Procella: Unifying Serving and Analytical Data at YouTube

Ummmm: holy shit. The folks @ Google are really living in your and my future. Stick with me for two quotes:

Large organizations… are dealing with exploding data volume and increasing demand for data driven applications. Broadly, these can be categorized as: reporting and dashboarding, embedded statistics in pages, time-series monitoring, and ad-hoc analysis. Typically, organizations build specialized infrastructure for each of these use cases. This, however, creates silos of data and processing, and results in a complex, expensive, and harder to maintain infrastructure.
The big hairy audacious goal of Procella was to “implement a superset of capabilities required to address all of the four use cases… with high scale and performance, in a single product”.

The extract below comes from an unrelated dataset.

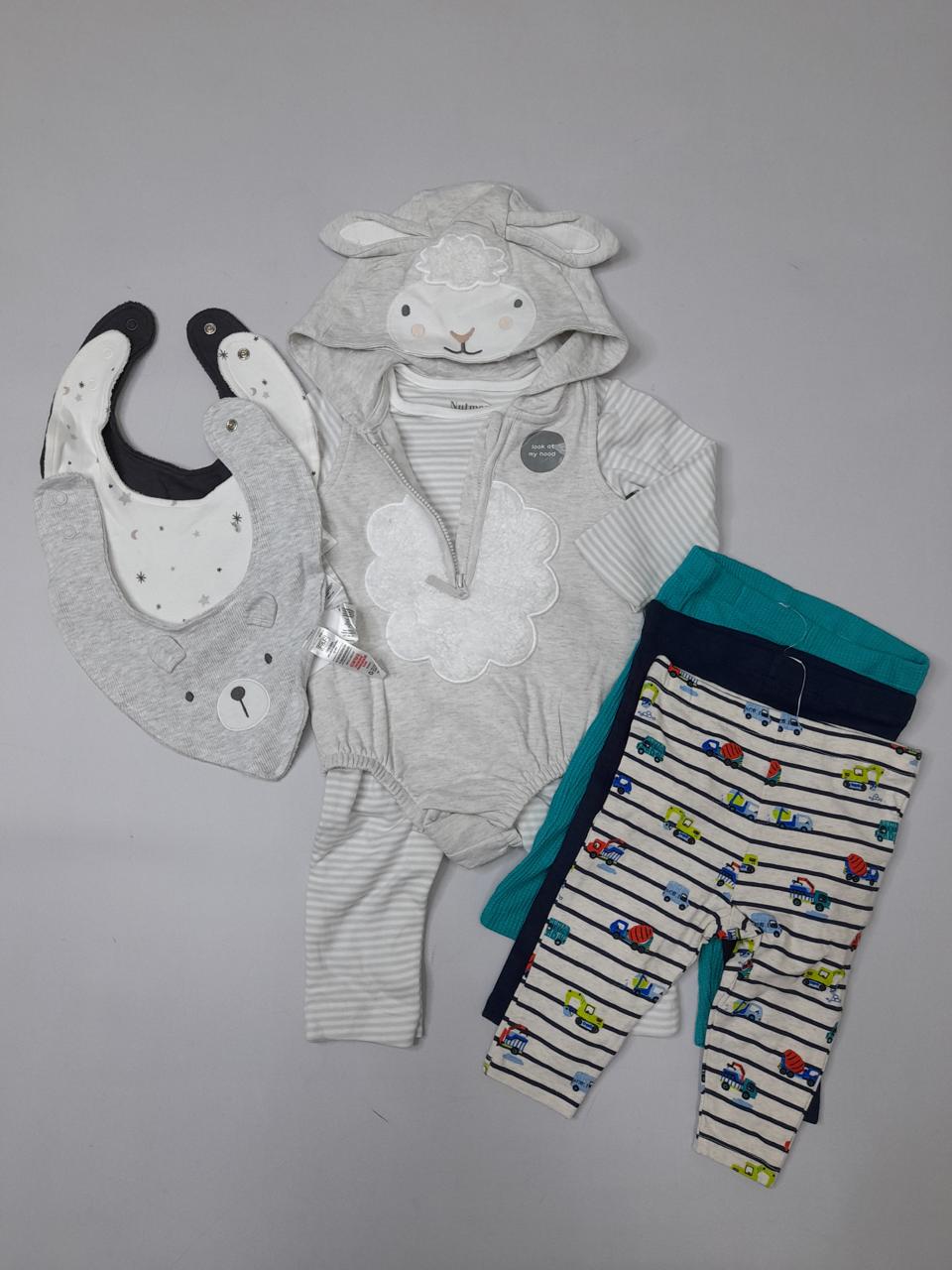 Фото4 Сет дитячий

The post itself is a summary of a recent paper out of Google describing their system, Procella. It's a SQL-based system where you can have your cake and eat it too—it's blazing fast for each analytical use case listed above. This is an incredibly difficult achievement: rather than making the tradeoffs inherent, the team found ways of having optimal performance for each. The post goes pretty deep on the innovations required, including a new file format and an adaptive optimizer (which is insanely cool).

The past decade has seen a ton of innovation in SQL serving systems, but we're not done yet. The stuff we're going to see delivered over the next decade is going to be awesome.